もはや一貫性を失い相異なる両極へ分裂した言動を繰り返すほかない<私>。プルーストはその系列に属するこれまでの事例を<私>の回想という形式を用いて注意深く列挙し回帰させて見せる。
次にあるように一方で「アルベルチーヌはいまや籠のなかの鳥であった」。と同時にもう一方で「そのアルベルチーヌこそ、昔はみながそのあとを追い、私が苦労してつかまえようとしても自転車に乗って走り去り、リフトに頼んでも連れてくることはできず、本人が訪ねてくる望みはほとんどなく、それでも私が夜どおし待っていた娘なのだ」と。重要なのは<同時に両極である>ことと、特にアルベルチーヌの場合、<同時に両極である>ことが何一つ阻害されず常に可能であり、それこそ自由にほかならないという形態で明確化されている点にある。
「アルベルチーヌはいまや籠のなかの鳥であったから、その部屋から出て私の部屋へ来ることを求めない夜さえあった。そのアルベルチーヌこそ、昔はみながそのあとを追い、私が苦労してつかまえようとしても自転車に乗って走り去り、リフトに頼んでも連れてくることはできず、本人が訪ねてくる望みはほとんどなく、それでも私が夜どおし待っていた娘なのだ」(プルースト「失われた時を求めて10・第五篇・一・P.146」岩波文庫 二〇一六年)

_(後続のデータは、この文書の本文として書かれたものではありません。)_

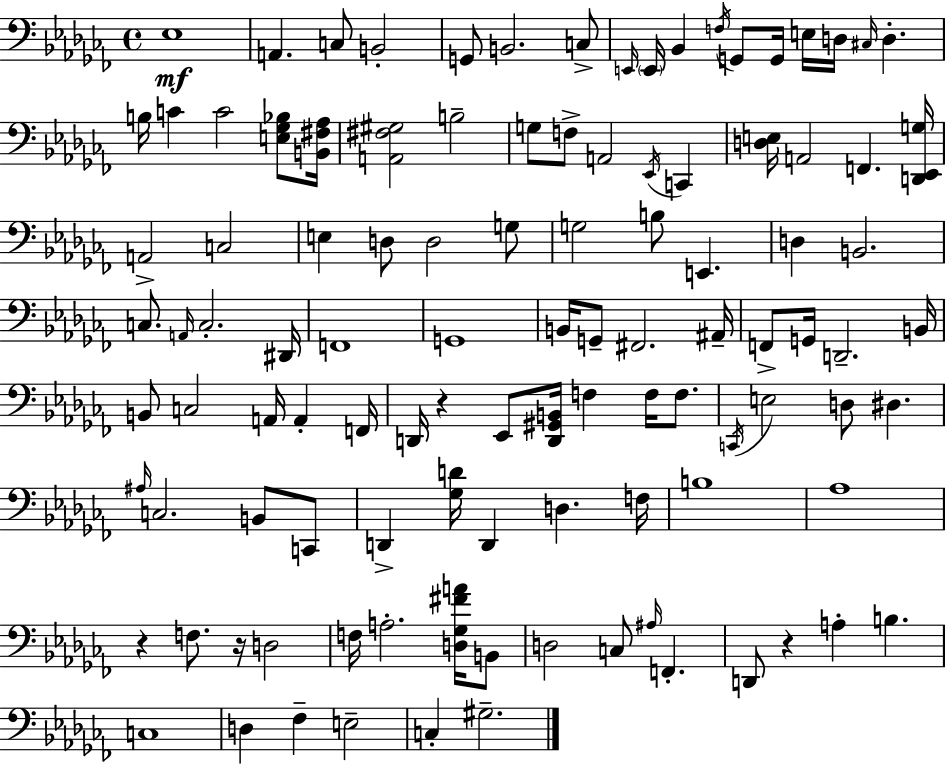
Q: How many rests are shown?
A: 4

こうもある。バルベック滞在時、「アルベルチーヌがホテルを前にして、だれにも話しかけず、常連客たちを押しのけ、友人の娘たちを思いのまま支配し、この自然の舞台を歩んでみなの嫉妬をかき立てていたとき、それこそ灼熱の浜辺の大女優と言える存在ではなかったか?」。確かに「灼熱の浜辺の大女優と言える存在」だった。ゆえにアルベルチーヌに対する<私>の欲望も出現することができたし出現しないわけにはいかなかった。<私>史上最大の誘惑と化したアルベルチーヌによってかき立てられた欲望は<私>を愛と嫉妬の塊へ変えた。そして二人は婚約中という関係へ移行する。嫉妬がもたらす苦痛を厄介払いするため<私>はアルベルチーヌを厳重な監視下に縛りつける。<私>は思う。アルベルチーヌは「ほかでもない私によって舞台から引退させられ、わが家に閉じこめられ、みなの欲望から隔離され、今後はだれが探しても見つけられず、あるときは私の部屋にいて、あるときは自分の部屋でデッサンや彫金にいそしんでいるのではないのか?」。
「アルベルチーヌがホテルを前にして、だれにも話しかけず、常連客たちを押しのけ、友人の娘たちを思いのまま支配し、この自然の舞台を歩んでみなの嫉妬をかき立てていたとき、それこそ灼熱の浜辺の大女優と言える存在ではなかったか?それほど羨望の的であった女優が、ほかでもない私によって舞台から引退させられ、わが家に閉じこめられ、みなの欲望から隔離され、今後はだれが探しても見つけられず、あるときは私の部屋にいて、あるときは自分の部屋でデッサンや彫金にいそしんでいるのではないのか?」(プルースト「失われた時を求めて10・第五篇・一・P.146~147」岩波文庫 二〇一六年)
多人数の目が集中する舞台からアルベルチーヌを引きずり下ろし、<幽閉・監禁・監視>を徹底し、「籠のなかの鳥」にした<私>。所有欲を満足させつつある<私>。ところが所有欲というものは満足すればするほど所有された側の人間、この場合はアルベルチーヌの側に対する愛を感じなくなる。一体アルベルチーヌのどこがどんなふうに魅力的に見え、<私>の欲望をあれほどかき立てたのか、さっぱりわからなくなっていく。プルーストの記述はこの辺りから見た目もあらわに、なおかつ急速に、その考察へ接続されていく。にもかかわらず、相変わらず様々なエピソードが入れ換わり立ち換わり出現するのはなぜだろう。接続と切断とはいつも同時だからである。一貫性は作品構成のため差し当たり用いられている装置に過ぎず、逆にプルーストは、恋愛関係に一貫性などというものはまるで存在しない、その都度新しい恋愛関係が出現するばかりだと証明しようとしているかのようだ。